§ Your objective: Copy all lines of the listing that include the string "Windows".

§ Data to process:

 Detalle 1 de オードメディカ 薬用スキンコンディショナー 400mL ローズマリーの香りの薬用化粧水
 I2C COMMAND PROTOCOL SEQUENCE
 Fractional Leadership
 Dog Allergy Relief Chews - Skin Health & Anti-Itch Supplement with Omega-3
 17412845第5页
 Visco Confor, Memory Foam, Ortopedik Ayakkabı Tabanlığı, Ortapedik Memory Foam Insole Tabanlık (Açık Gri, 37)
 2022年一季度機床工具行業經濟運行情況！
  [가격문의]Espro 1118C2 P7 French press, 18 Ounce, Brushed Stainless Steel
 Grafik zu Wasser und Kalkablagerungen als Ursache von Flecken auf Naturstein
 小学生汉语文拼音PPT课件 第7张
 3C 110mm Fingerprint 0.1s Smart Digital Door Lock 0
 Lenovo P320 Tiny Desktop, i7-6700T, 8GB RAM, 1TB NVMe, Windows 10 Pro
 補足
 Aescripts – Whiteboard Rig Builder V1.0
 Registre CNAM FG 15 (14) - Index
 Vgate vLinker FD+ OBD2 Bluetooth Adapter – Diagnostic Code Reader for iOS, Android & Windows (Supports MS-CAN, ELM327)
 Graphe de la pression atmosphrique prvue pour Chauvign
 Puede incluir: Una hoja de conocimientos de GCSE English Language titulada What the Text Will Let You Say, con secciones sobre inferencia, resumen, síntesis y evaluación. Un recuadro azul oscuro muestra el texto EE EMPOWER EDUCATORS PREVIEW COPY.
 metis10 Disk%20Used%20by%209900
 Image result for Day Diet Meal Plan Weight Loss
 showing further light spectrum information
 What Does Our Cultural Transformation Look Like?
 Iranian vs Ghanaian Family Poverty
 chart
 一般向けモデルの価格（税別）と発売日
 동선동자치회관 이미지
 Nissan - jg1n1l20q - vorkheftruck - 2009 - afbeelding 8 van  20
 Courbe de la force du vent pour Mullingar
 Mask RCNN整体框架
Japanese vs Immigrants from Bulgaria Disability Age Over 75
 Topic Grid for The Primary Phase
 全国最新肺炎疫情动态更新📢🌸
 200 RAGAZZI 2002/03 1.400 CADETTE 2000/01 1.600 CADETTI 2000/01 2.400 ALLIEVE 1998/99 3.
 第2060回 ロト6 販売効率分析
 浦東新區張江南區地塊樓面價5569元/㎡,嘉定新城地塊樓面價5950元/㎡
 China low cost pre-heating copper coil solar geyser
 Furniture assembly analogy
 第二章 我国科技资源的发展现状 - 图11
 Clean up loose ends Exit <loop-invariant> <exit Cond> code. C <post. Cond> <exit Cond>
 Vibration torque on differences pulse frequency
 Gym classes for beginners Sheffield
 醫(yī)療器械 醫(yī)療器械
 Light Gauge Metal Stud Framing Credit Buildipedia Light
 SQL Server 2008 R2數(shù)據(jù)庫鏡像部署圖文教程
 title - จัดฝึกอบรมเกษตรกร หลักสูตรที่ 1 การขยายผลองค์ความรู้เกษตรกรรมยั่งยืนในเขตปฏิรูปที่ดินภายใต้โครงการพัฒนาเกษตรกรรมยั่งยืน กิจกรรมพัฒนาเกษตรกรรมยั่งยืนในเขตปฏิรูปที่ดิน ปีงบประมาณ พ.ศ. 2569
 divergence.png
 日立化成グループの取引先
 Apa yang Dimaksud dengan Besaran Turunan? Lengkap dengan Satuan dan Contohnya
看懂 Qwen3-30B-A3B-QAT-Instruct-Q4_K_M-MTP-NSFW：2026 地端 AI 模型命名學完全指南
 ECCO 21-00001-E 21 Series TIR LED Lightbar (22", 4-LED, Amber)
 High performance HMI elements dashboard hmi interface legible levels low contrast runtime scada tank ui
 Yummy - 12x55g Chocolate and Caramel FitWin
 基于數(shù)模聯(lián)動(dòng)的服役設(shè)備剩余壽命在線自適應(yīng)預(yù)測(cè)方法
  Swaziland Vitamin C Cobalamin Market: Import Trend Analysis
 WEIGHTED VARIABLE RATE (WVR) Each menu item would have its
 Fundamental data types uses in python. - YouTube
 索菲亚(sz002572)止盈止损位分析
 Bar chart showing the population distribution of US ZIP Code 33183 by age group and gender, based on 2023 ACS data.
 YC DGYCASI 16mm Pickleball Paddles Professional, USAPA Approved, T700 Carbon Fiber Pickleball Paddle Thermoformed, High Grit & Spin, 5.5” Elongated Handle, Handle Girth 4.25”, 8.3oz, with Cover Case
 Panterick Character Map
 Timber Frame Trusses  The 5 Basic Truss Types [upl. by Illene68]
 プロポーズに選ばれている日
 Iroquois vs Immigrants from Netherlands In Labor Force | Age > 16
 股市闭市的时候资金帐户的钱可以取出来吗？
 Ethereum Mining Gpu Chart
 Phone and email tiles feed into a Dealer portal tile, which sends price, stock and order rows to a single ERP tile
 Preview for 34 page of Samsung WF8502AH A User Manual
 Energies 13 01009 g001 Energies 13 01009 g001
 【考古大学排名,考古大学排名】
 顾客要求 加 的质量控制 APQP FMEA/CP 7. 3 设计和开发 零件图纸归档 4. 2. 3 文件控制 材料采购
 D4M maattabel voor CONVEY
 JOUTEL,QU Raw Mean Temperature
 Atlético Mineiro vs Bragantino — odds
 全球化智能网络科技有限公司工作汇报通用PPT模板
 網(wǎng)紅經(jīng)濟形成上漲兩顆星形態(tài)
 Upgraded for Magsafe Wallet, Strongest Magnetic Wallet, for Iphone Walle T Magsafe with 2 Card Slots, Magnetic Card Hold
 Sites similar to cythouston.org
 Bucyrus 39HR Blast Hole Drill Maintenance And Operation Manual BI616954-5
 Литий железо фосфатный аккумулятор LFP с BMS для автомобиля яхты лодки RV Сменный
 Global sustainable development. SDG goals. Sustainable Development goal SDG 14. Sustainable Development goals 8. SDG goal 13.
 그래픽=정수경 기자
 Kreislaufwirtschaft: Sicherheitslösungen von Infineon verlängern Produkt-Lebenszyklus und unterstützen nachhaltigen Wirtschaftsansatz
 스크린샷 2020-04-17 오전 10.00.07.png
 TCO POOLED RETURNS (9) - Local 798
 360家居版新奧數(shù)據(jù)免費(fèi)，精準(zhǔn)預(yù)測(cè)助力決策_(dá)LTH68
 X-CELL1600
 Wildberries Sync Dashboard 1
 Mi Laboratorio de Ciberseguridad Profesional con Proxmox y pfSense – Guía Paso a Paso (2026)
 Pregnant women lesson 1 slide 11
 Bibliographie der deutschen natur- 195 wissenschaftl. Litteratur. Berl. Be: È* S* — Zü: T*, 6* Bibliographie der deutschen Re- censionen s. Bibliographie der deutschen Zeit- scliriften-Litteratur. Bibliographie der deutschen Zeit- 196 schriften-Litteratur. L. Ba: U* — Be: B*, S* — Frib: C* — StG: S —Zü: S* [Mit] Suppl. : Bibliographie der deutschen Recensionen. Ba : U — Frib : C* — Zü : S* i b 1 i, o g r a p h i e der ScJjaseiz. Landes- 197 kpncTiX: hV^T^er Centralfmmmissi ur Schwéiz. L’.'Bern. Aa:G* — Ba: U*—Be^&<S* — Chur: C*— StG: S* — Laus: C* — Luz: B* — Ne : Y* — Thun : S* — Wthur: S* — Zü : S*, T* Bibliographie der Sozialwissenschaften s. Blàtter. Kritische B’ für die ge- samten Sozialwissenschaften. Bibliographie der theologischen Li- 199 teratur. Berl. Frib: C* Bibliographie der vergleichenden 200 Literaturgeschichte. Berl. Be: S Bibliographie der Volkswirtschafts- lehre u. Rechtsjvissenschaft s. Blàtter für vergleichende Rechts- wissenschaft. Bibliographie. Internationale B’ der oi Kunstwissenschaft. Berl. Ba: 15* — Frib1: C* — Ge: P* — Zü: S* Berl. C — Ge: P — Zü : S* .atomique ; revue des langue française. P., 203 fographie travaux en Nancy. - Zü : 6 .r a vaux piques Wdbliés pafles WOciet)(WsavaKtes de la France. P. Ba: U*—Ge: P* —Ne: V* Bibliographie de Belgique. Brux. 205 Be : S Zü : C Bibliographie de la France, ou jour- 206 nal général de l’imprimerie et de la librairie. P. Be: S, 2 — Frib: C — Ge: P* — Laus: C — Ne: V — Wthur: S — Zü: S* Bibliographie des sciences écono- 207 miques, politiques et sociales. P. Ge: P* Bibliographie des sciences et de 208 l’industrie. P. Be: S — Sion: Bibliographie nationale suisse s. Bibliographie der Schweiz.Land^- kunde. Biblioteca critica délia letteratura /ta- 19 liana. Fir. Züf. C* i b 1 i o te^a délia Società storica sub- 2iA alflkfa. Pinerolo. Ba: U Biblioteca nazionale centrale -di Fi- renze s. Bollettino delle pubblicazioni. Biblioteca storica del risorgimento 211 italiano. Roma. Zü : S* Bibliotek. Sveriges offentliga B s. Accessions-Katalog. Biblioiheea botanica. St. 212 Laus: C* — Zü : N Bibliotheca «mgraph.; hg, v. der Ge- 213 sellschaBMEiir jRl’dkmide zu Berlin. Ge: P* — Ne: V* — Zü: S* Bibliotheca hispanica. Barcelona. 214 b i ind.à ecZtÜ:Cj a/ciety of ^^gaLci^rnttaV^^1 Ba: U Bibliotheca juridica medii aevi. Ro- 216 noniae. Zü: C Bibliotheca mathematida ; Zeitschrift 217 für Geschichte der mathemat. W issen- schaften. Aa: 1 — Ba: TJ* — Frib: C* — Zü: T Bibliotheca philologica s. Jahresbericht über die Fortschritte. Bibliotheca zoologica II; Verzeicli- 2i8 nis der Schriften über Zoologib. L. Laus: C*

§ Output of the exercise:
 Lenovo P320 Tiny Desktop, i7-6700T, 8GB RAM, 1TB NVMe, Windows 10 Pro
 Vgate vLinker FD+ OBD2 Bluetooth Adapter – Diagnostic Code Reader for iOS, Android & Windows (Supports MS-CAN, ELM327)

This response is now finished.